Frank Hammerschlag

Personal information
- Full name: Frank Hammerschlag
- Date of birth: 28 September 1960 (age 65)
- Place of birth: West Germany
- Height: 1.87 m (6 ft 2 in)
- Position: Defender

Youth career
- 1974–1980: FC Bayer 05 Uerdingen

Senior career*
- Years: Team / Apps / (Gls)
- 1980–1982: 1. FC Viersen
- 1982–1983: 1. FC Bocholt
- 1983–1985: MSV Duisburg / 69 / (3)
- 1985–1986: Tennis Borussia Berlin / 22 / (4)
- 1986–1987: SC Fortuna Köln / 27 / (0)
- 1988–1994: Rheydter SV
- Total:  / 118 / (7)

Managerial career
- 1994–1996: Rheydter SV

= Frank Hammerschlag =

German footballer and manager

Frank Hammerschlag (born 28 September 1960) is a German football manager and former player.

==Playing career==
Coming from the youth of Bayer 05 Uerdingen, the defender began his football career at 1. FC Viersen in the Oberliga Nordrhein, before moving to league rivals 1. FC Bocholt in 1982 . There he was Niederrhein Cup winner and took part in the German amateur championship as a runner-up in the league . In the summer of 1983 he switched to professional football for MSV Duisburg . In the Duisburg relegation season 1985/86, he joined the league rivals Tennis Borussia Berlin before the winter break, with whom he also occupied a relegation place.
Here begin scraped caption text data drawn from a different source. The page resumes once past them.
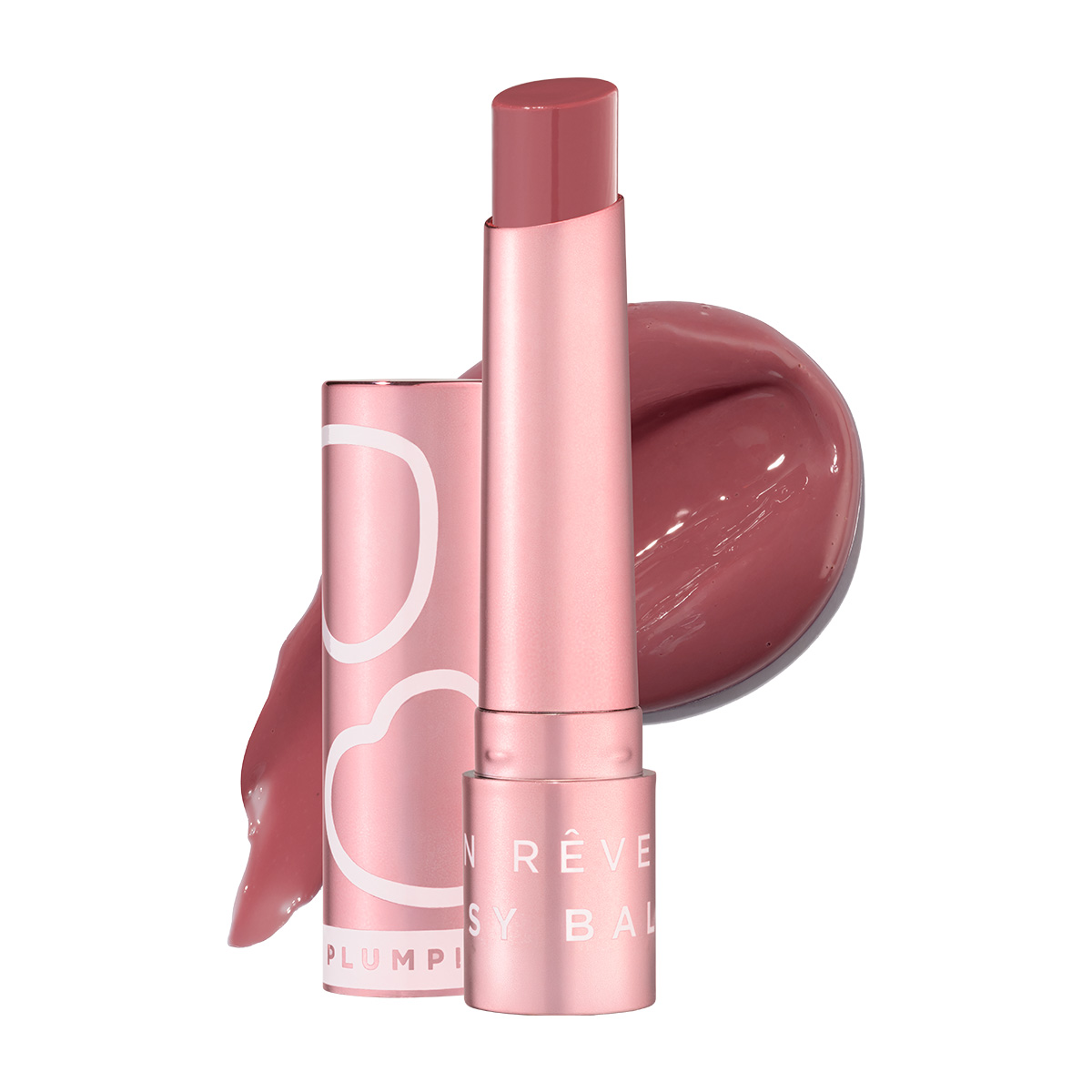 GLOSSY BALM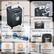 - 36 cm
- 54.5 cm
- 28.5 cm
- 18 Sheet Paper Credit Card & CD Shredder
- 60 Minutes Non-Stop Shredding
- High-Efficiency Motor
- Shreds CD, Credit Card and Paper Clips
- 18 Sheets
- 60 MINS
- Large Wastebasket
- 23 Litres
- Safety Protection
- Easy Operation
- Patented Cooling System
- 60 minutes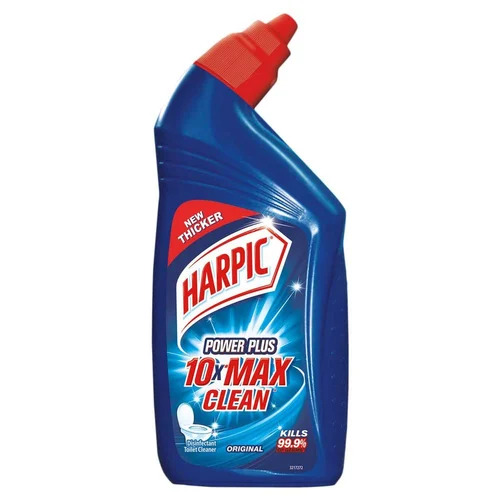 Harpic Disinfectant Toilet Cleaner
He then moved to SC Fortuna Köln. Between 1983 and 1987, Frank Hammerschlag played a total of 118 games in the 2nd Bundesliga and scored seven goals. After returning to the amateur camp, he played for the Rheydter Spielverein, with whom he was again runner-up in the upper league in 1990 and reached the final at the German amateur championship . In 1994 he also took over as coach at Rheydter SV.

Hammerschlag made 118 appearances in the 2. Bundesliga for MSV Duisburg, Tennis Borussia Berlin and SC Fortuna Köln. After finishing his playing career at Rheydter SV, he was the club manager from 1994 until 1996.